Does Ebola Vote Democratic Or Republican?

    The news that the Centers for Disease Control was unprepared for the ebola virus now that it has made landfall in the U.S. is not exactly a bolt from the blue.  Government agencies have been failing us for many years.

    The CDC, it turns out, had issued lax guidelines to health-care providers on how to treat people with ebola-like symptoms, the predictable result being that one person is dead at a Dallas hospital because of appallingly lax emergency room care and two nurses have been infected.  The question of whether these infections are outliers or merely the first casualties in what will become a full-blown public health crisis is now looming very large, as is the credibility of the CDC.

    Unless you’ve been living in a cave, you know that the CDC has plenty of company.  Here’s a partial list:

    * The Agriculture Department is beholden to major food producers, which is why schoolkids still eat a lot of crap despite the efforts of First Lady Michelle Obama, pediatric obesity specialists and others not in the ketchup-as-vegetable crowd.

    * The Food and Drug Administration is beholden to profits-obsessed Big Pharma, which is why undertested prescription drugs kill and maim so many people.

    * The Defense Department is beholden to big defense contractors, which is why the armed forces are unable to wean themselves from ridiculously expensive and unnecessary weapons systems three decades after the Cold War drew its last breath.

    * The Federal Highway Administration is beholden to  vehicle manufacturers as has been shown in the sorry saga of too little oversight in General Motors’ recall of tens of millions of unsafe vehicles.

    * The Federal Communications Commission is beholden to the gigantic national cable television companies who believe the best Internet is one that most folks can barely afford.

    * The Department of the Interior is beholden to the corporations who are turning our national parks into trees with McDonald’s.

    Meanwhile:

    * The Department of Education is unable . . . no make that unwilling to really crack down on for-profit colleges that graduate few of their students but suck up hundreds of millions of dollars in federal aid money.

    * The Department of the Interior is beholden to the corporations who are turning our national parks into trees with McDonald’s.

    * The Department of Veterans Affair has, of course, recently been in the crosshairs for cooking its books in the service of not treating needy vets at its network of hospitals.  

    * The Secret Service has shown itself to be so dysfunctional that the safety of the president has repeatedly been compromised.  

    * And who can forget the reform-averse Securities and Exchange Commission, which slept through the run-up to the greatest economic downturn since the Great Depression despite an abundance of warning signs and has pretty much taken a powder when it comes to preventing the kind of Wall Street excesses that triggered the downturn.  

    Who have I left out?

    Barack Obama happens to be the guy in the Oval Office and must take responsibility, to some extent, for these failures.  But every one of them predates his presidency.  Bill Clinton, for example, is the bad guy when it comes to the deregulation of banks and other lending institutions who were among the chief villains in the recession, while the administration of George W. Bush elevated defanging federal agencies to an art form.
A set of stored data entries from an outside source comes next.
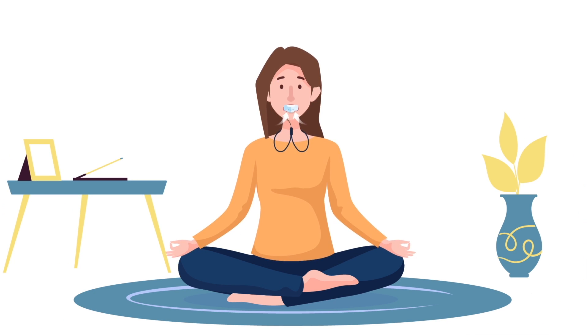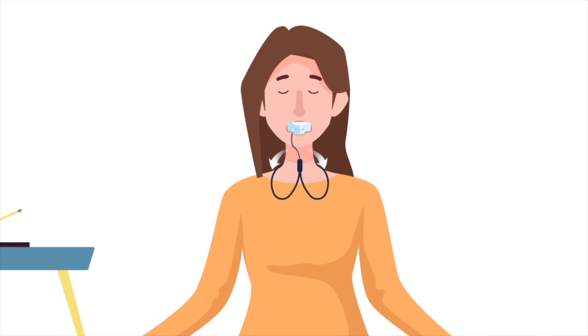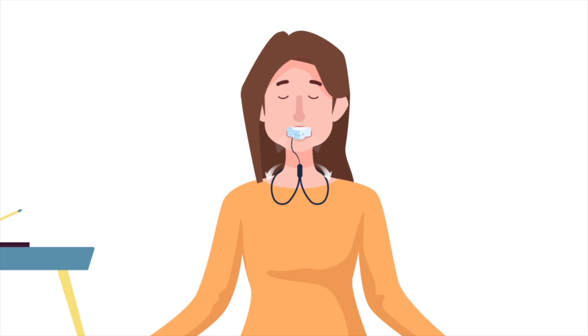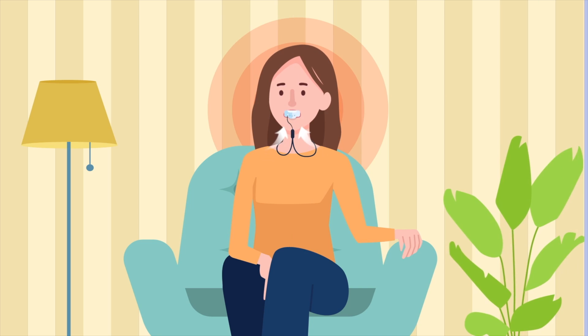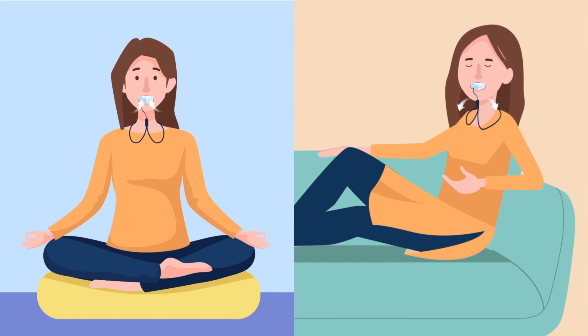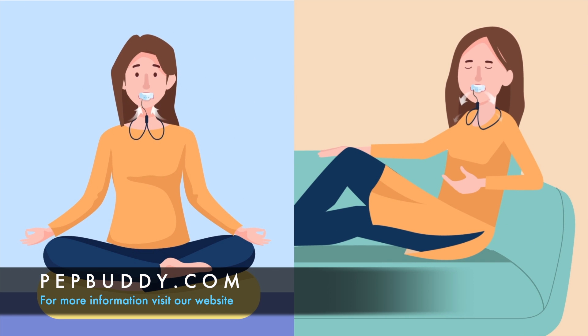For that you will use it in the same way — putting the device in your mouth, breathing in through the nose, out through the device. Maybe sit down, relax, try to calm down and focus on your breathing, and PepBuddy will help you do so much more efficiently. Try breathing like this for two to three minutes, two to three times a day, or whenever you're feeling a bit more anxious and stressed.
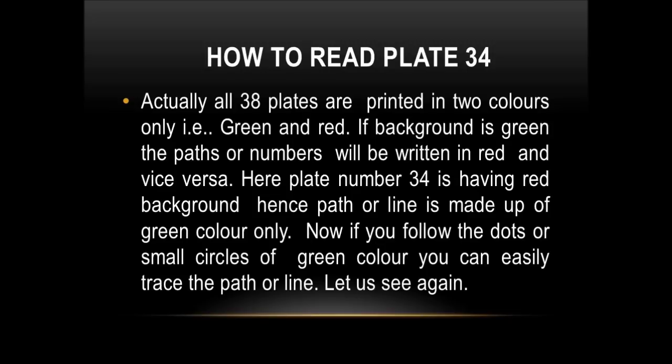Plate number 34 has a red background, hence the path or line is made up of green color only. If you follow the dots or small circles of green color, you can easily trace the path or line.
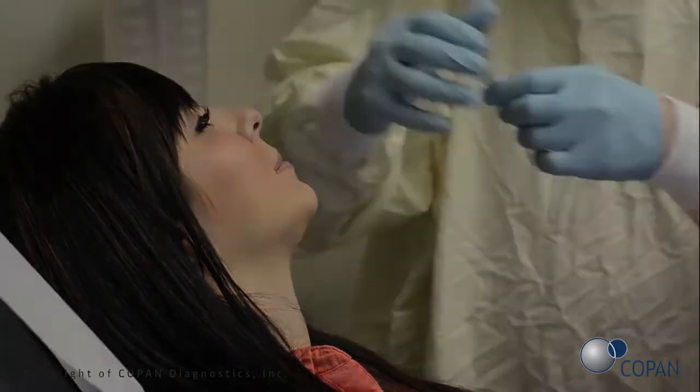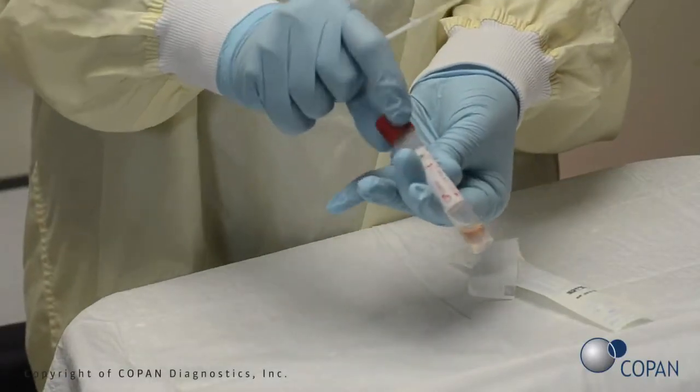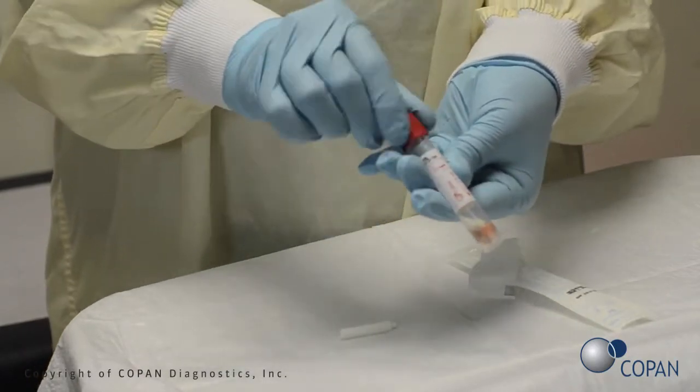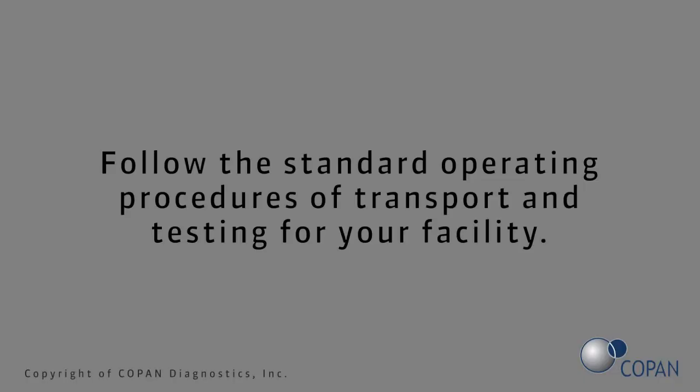Gently remove the swab and perform the test according to the manufacturer's instructions. If the specimen testing is not performed at the point of care, refer to the manufacturer's instructions for transport and storage recommendations. Follow the standard operating procedures of transport and testing for your facility.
    While we’re spreading blame around, let’s not forget the Supreme Court and Congress.  Oh, and us.

    The top court, which has morphed into a de facto arm of the Republican Party (do not be misled by the recent spate of non-decisions on abortion and same-sex marriage), effectively neutered the Food and Drug Administration a few years ago when it ruled that consumers could not sue the agency for its slipshod reviews of bad medical devices, to cite but one decision with a decidedly pro-big business slant.

    Congress, meanwhile, has acted more like an ambulance-chasing attorney than a watchdog when government agencies fail us.  Time and again, the folks up on Capitol Hill, who are in the bag with well-heeled and well-connected campaign contributors, have reacted to bureaucratic-fueled crises with scripted outrage.  It turns out, of course, that many of these crises stem from the unwillingness of legislators to adequately fund agencies in the first place, the VA hospitals scandal being only the latest such instance, or their refusal to put real teeth into agencies’ regulatory choppers, the GM recall scandal being only the latest such instance.

    Finally, how many of us — and not just those Tea Party wackadoodles — criticize government for being too big and too meddlesome until we want it to do its job, whether protecting our Uncle Leo from hemorrhagic viruses, making sure his plane is airworthy and lands without incident when he visits at Thanksgiving, or that he not be stuck on a secret VA waiting list when this sweet old Vietnam vet really, really needs a new artificial limb.